#### Your task:
Restate every entry verbatim; drop the pictures.

[Brief descriptive captions]
=-=-=-=-=

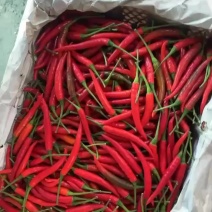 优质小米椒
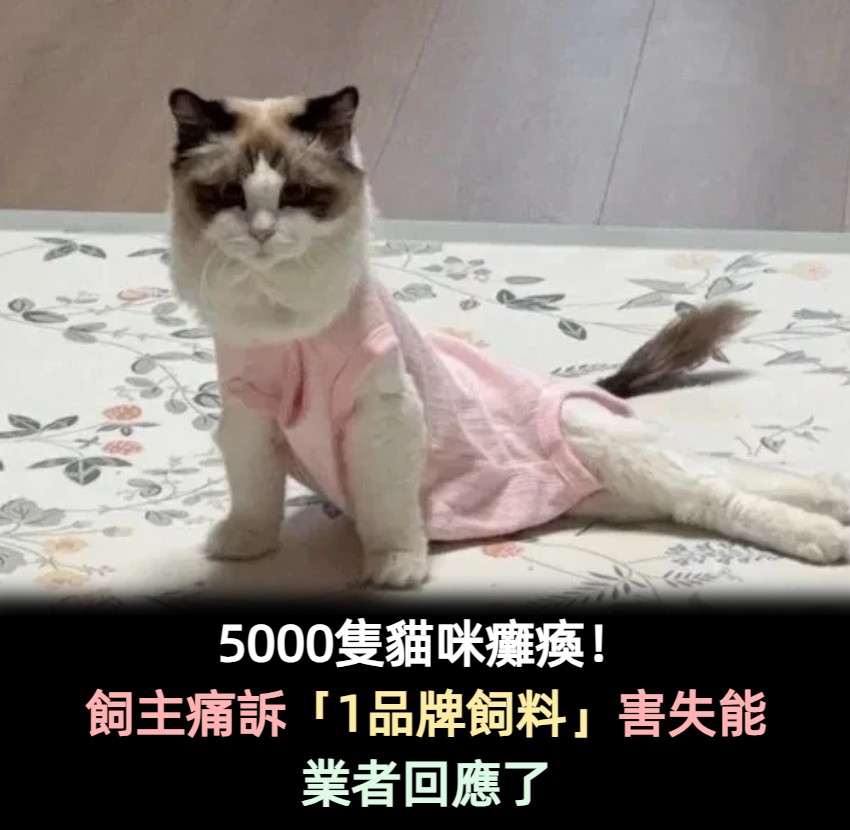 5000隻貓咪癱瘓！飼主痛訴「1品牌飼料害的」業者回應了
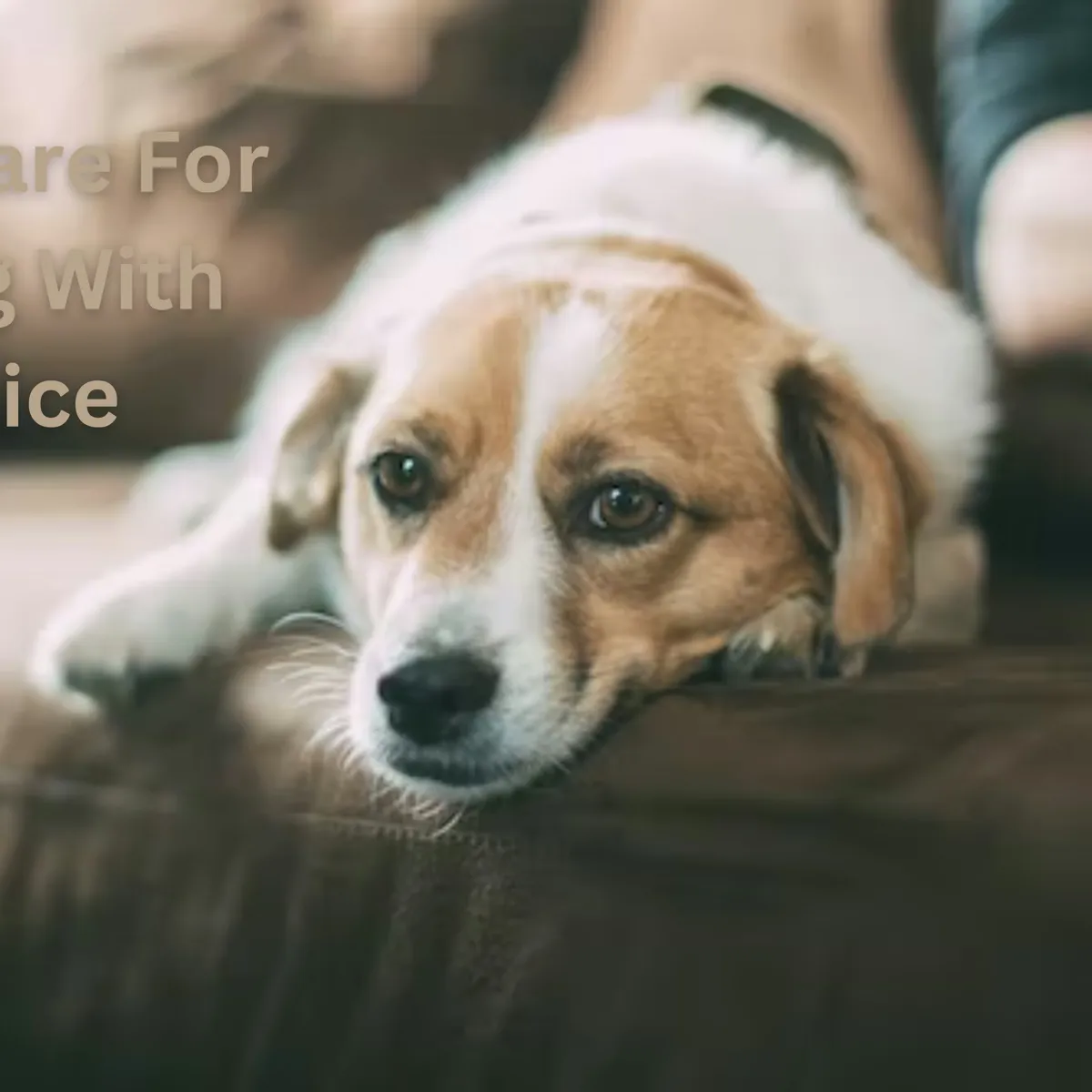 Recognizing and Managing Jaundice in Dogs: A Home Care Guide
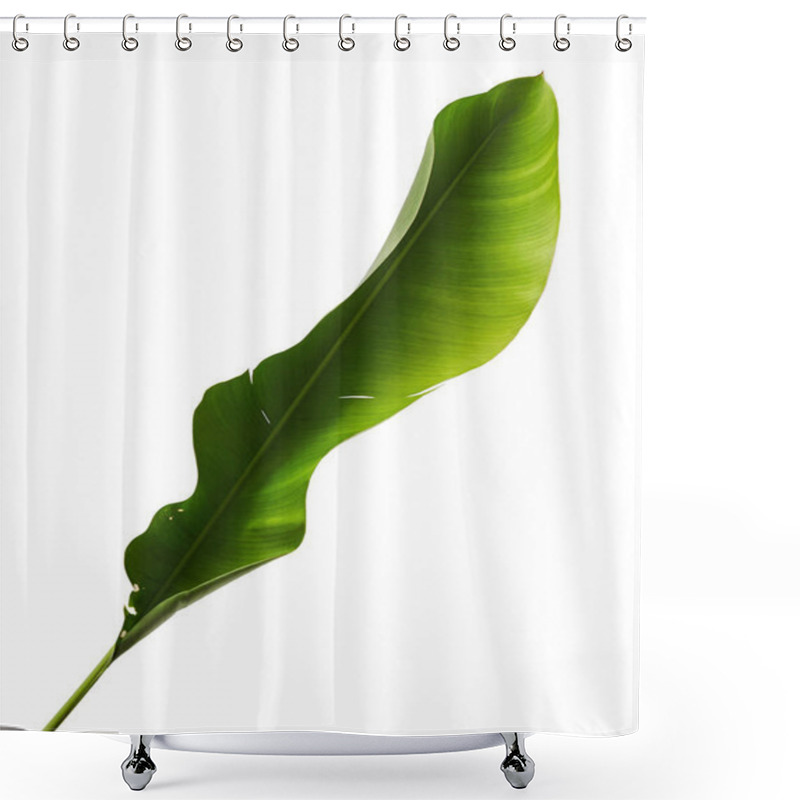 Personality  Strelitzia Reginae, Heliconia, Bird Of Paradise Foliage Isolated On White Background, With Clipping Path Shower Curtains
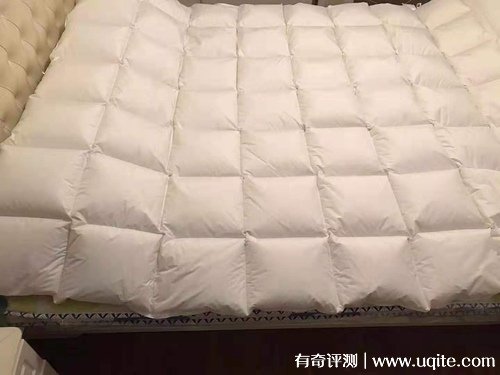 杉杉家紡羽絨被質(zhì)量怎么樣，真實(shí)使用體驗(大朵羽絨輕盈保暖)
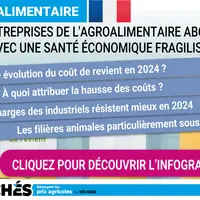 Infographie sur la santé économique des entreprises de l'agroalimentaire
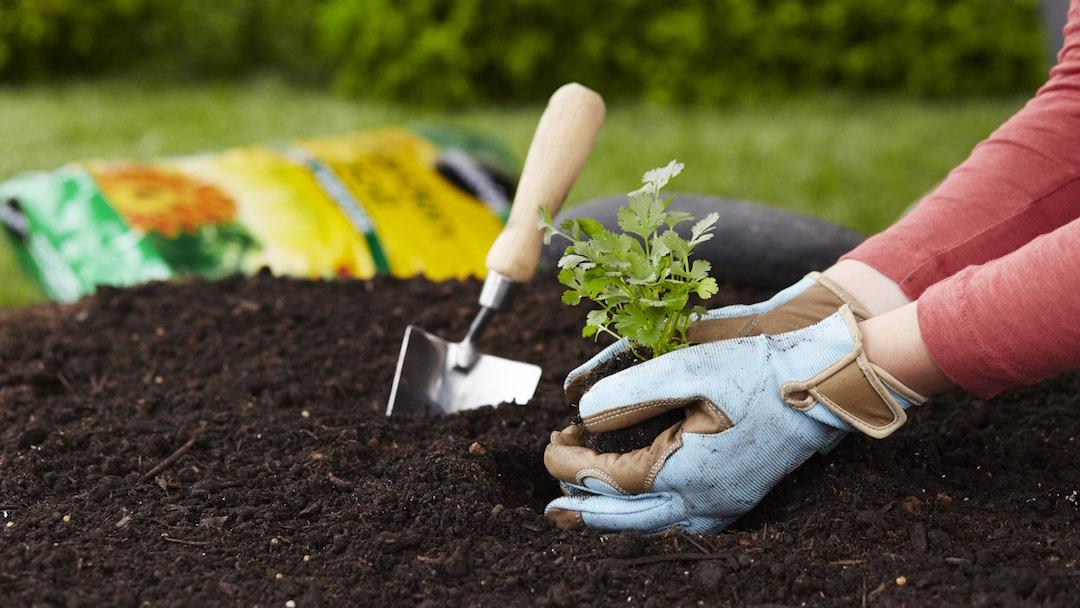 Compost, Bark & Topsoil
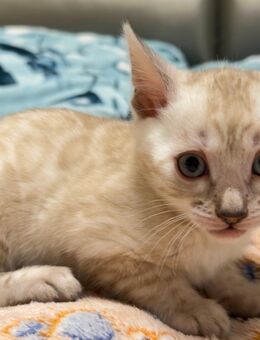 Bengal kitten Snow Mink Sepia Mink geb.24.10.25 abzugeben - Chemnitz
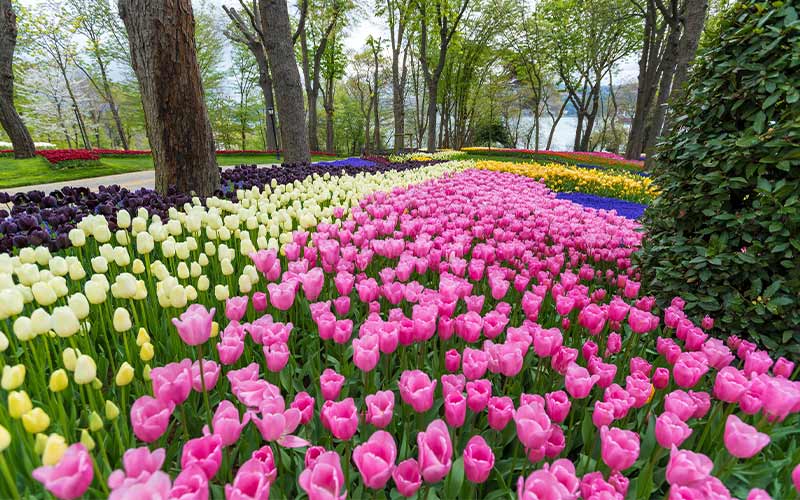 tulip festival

=-=-=-=-=

#### Output for this exercise:
 优质小米椒
 5000隻貓咪癱瘓！飼主痛訴「1品牌飼料害的」業者回應了
 Recognizing and Managing Jaundice in Dogs: A Home Care Guide
 Personality  Strelitzia Reginae, Heliconia, Bird Of Paradise Foliage Isolated On White Background, With Clipping Path Shower Curtains
 杉杉家紡羽絨被質(zhì)量怎么樣，真實(shí)使用體驗(大朵羽絨輕盈保暖)
 Infographie sur la santé économique des entreprises de l'agroalimentaire
 Compost, Bark & Topsoil
 Bengal kitten Snow Mink Sepia Mink geb.24.10.25 abzugeben - Chemnitz
 tulip festival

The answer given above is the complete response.